When Richmond Hill native Patrick Oropeza started selling the Bolivian empanadas known as salteñas at street fairs and the Rockaway Beach boardwalk in 2012, his parents had their reservations.
“You’re working with your hands,” Oropeza remembers his mother saying, “you should be working with your brains.”
Small business owners who emigrated from Bolivia in the 1980s, Oropeza’s parents hoped their son would seek another career.
“The whole American dream is being a lawyer, or having some kind of tech job,” says Oropeza, 32, who worked in advertising before running the Bolivian Llama Party food stands citywide with his brothers, Alex, 35, and David, 26.
But now that Bolivian Llama Party’ s $6 salteñas are in demand at hot spots like Smorgasburg or Williamsburg’s Output nightclub — and the brothers are being featured everywhere from MTV to Bolivian newspapers — Mom’s a supporter.
“She was like, ‘Holy crap!'” says Oropeza, “‘This is big!'”
The Oropezas are among a growing number realizing that if you run a small restaurant or stand based on your own heritage, you can be your own boss, find more fame than any ordinary office worker, and have a job that’s anything but impersonal.
That’s why Johnny Rivera, 22, decided to join his family’s El Rey Del Taco trucks in Astoria after high school. Rivera moved here from Guerrero, Mexico, to join his parents at the age of 13, and once dreamed of joining the police department.

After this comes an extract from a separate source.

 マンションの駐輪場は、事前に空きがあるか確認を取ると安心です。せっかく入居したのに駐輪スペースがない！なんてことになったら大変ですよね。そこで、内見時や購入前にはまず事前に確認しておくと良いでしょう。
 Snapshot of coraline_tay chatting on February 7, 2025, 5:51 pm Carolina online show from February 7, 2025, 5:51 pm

“I used to tell [my parents], ‘Oh I never want to do it,'” says Rivera of running the trucks, but after spending weekends serving diners who raved over his mother Guadalupe’s tacos al pastor, he changed his mind. Finalists in 2014 Vendy Awards (honoring street food vendors), the family now also runs The King of Tacos restaurant in East Elmhurst.
“It’s really nice to see other people like your food, especially because it’s Mexican,” says Rivera, referring to the not-so-distant past when tacos weren’t always held in high regard by city foodies. “I mean, who would have ever thought?”

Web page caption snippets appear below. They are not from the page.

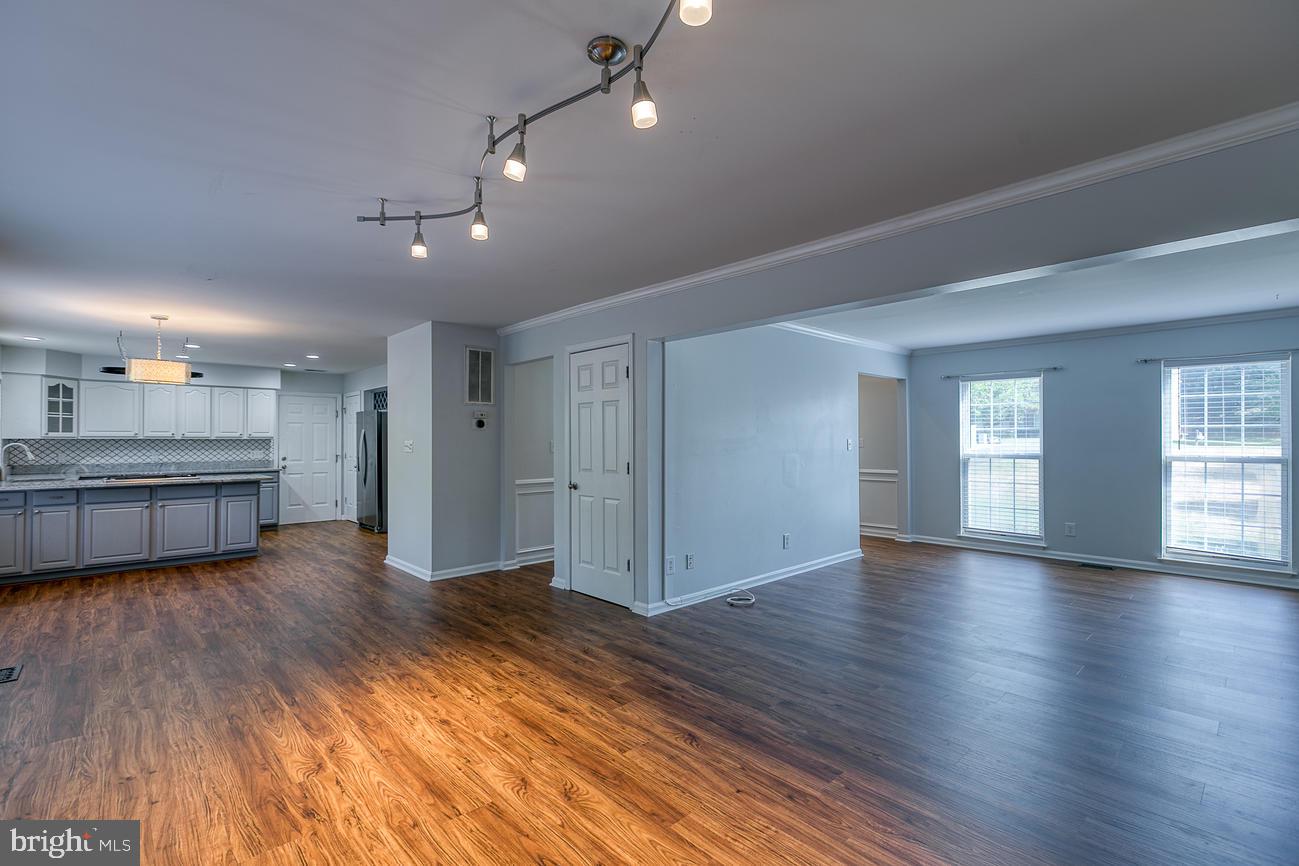 HAMPTON OAKS - Residential Lease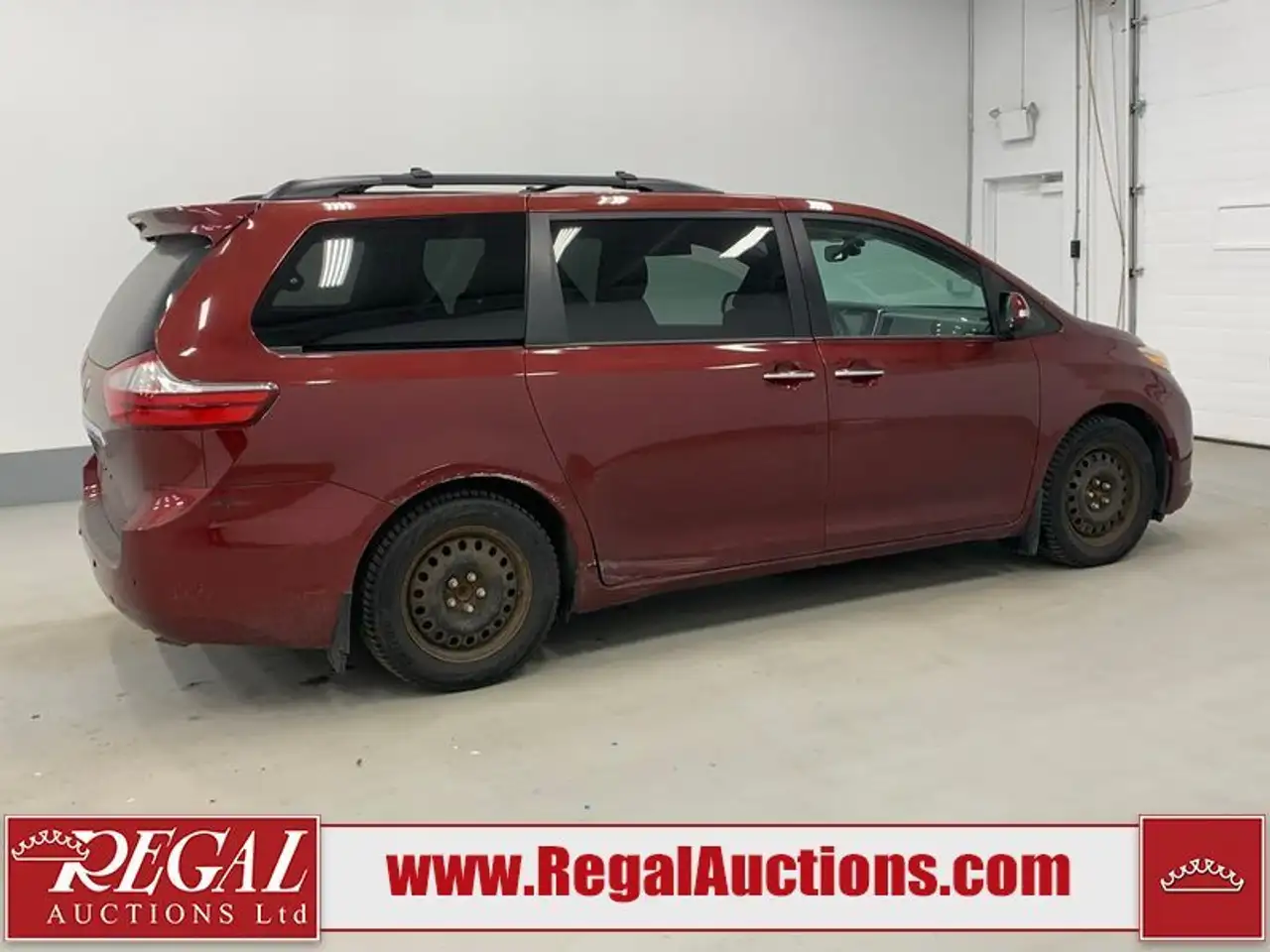 Toyota Sienna снимка Toyota Sienna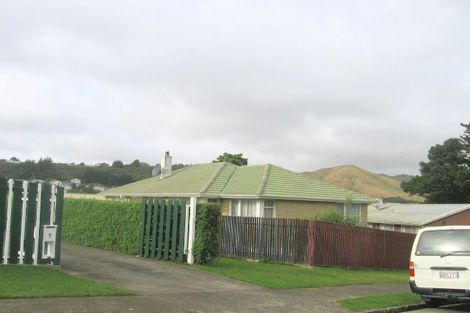 Photo of property in 13 Passive Grove, Ascot Park, Porirua, 5024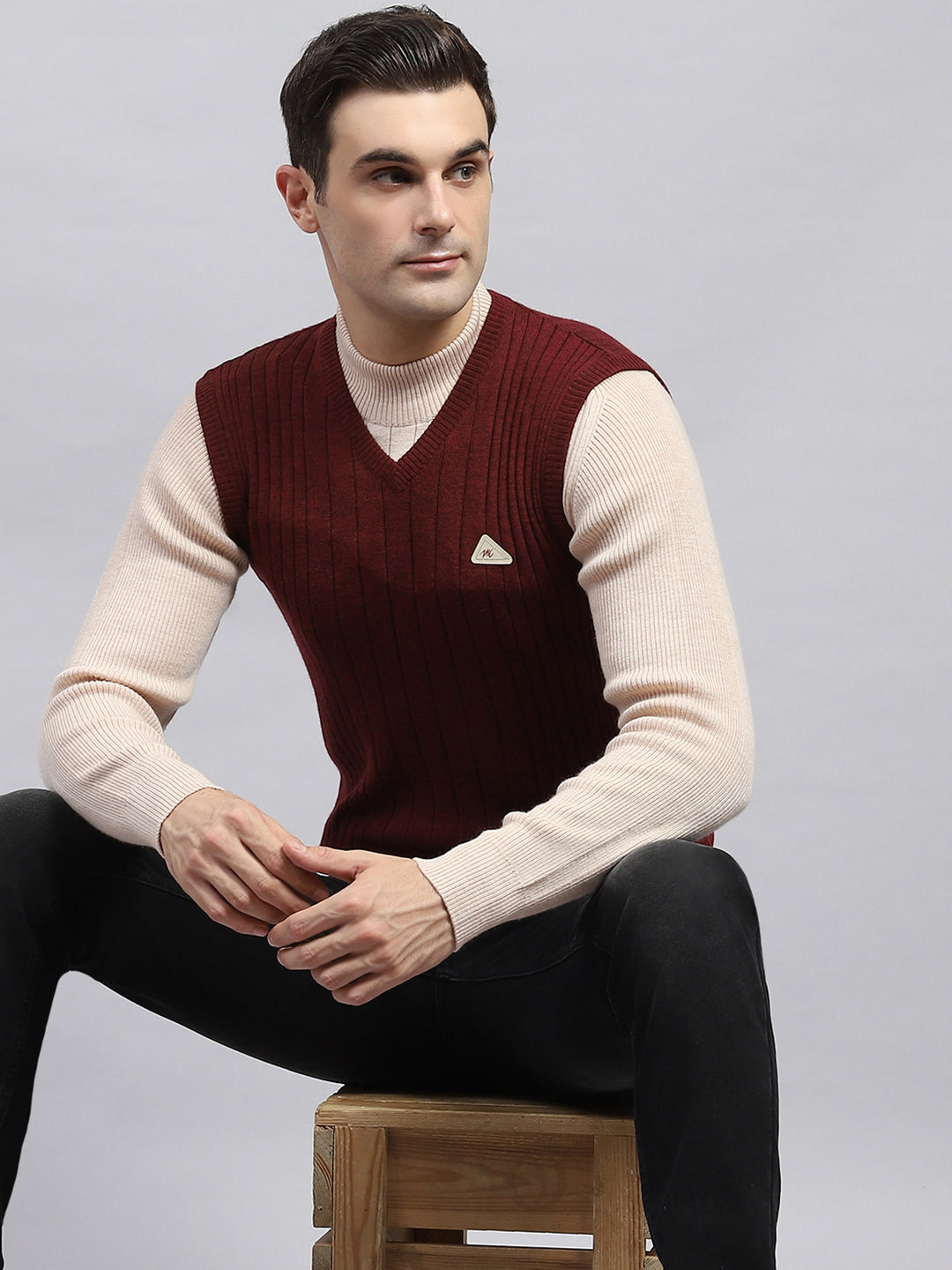 Men Maroon Solid V Neck Sleeveless Sweater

The increased desire to swap a cubicle for a food cart is driven by several reasons, says Ann Daw, president of the national Specialty Food Association, which has seen membership applications roughly double in the past five years. Not only is there a “relatively low cost of entry” to the industry, she says, “Part of it is being a little bit in control of your own life” as an entrepreneur, which Daw says is extra-enticing to younger generations.
“The appeal of food — the awareness, the entertainment — has never been higher,” Daw adds.
For 27-year-old Alex Gomberg, who runs Brooklyn Seltzer Boys with his father and uncle, joining the family’s 62-year-old Canarsie seltzer company after high school wasn’t even an option.
“For all of my life it was not a booming business, it was a declining business,” says Gomberg, who earned a masters degree in sports management.
But with elevated interest in old-fashioned foodstuffs like seltzer, Gomberg is helping breathe new life into the business launched by his Russian great-grandfather.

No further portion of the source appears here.